You can start a new project by copying the folder projects/dsine to create projects/NEW_PROJECT_NAME. Then, update the config.py and losses.py.

Lastly, you can should train.py and test.py. For things that should be different in different projects, we made a note like following:

#↓↓↓↓
#NOTE: forward pass
img = data_dict['img'].to(device)
intrins = data_dict['intrins'].to(device)
...
pred_list = model(img, intrins=intrins, mode='test')
norm_out = pred_list[-1]
#↑↑↑↑

Search for the arrows (↓↓↓↓/↑↑↑↑) to see where things should be modified in different projects.

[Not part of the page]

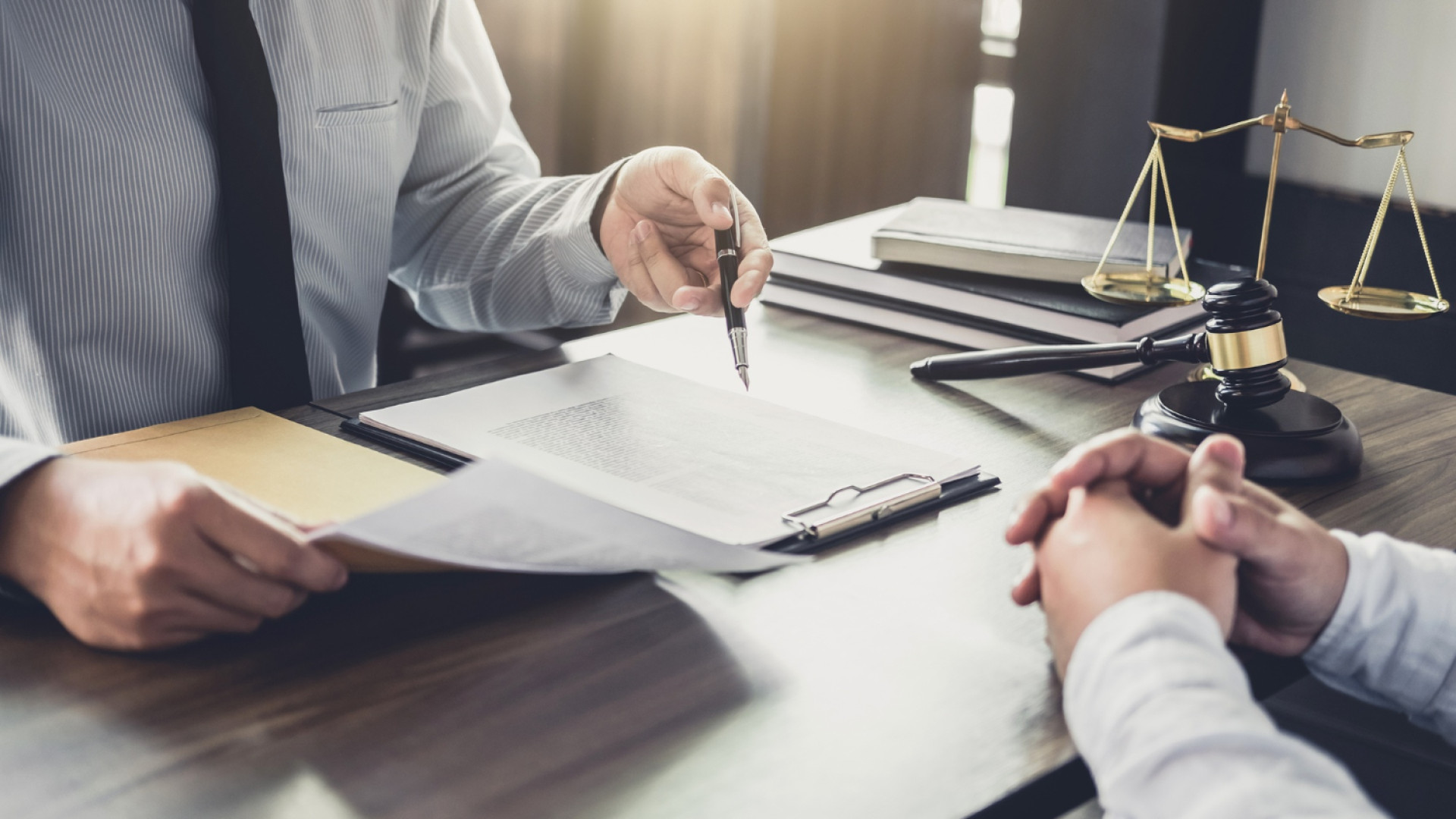 Pourquoi faire appel à un cabinet d'avocats local à Annecy ?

The test commands above (e.g. for getting the benchmark performance & running real-time demo) should apply the same for all projects.

Additional instructions

If you want to make contributions to this repo, please make a pull request and add instructions in the following format.

Using torch hub to predict normal (contribution by hugoycj)

NOTE: the code below is deprecated and should be modified (as the folder structure has changed).

import torch
import cv2
import numpy as np

# Load the normal predictor model from torch hub
normal_predictor = torch.hub.load("hugoycj/DSINE-hub", "DSINE", trust_repo=True)

# Load the input image using OpenCV
image = cv2.imread(args.input, cv2.IMREAD_COLOR)
h, w = image.shape[:2]

# Use the model to infer the normal map from the input image
with torch.inference_mode():
    normal = normal_predictor.infer_cv2(image)[0]  # Output shape: (H, W, 3)
    normal = (normal + 1) / 2  # Convert values to the range [0, 1]

# Convert the normal map to a displayable format
normal = (normal * 255).cpu().numpy().astype(np.uint8).transpose(1, 2, 0)
normal = cv2.cvtColor(normal, cv2.COLOR_RGB2BGR)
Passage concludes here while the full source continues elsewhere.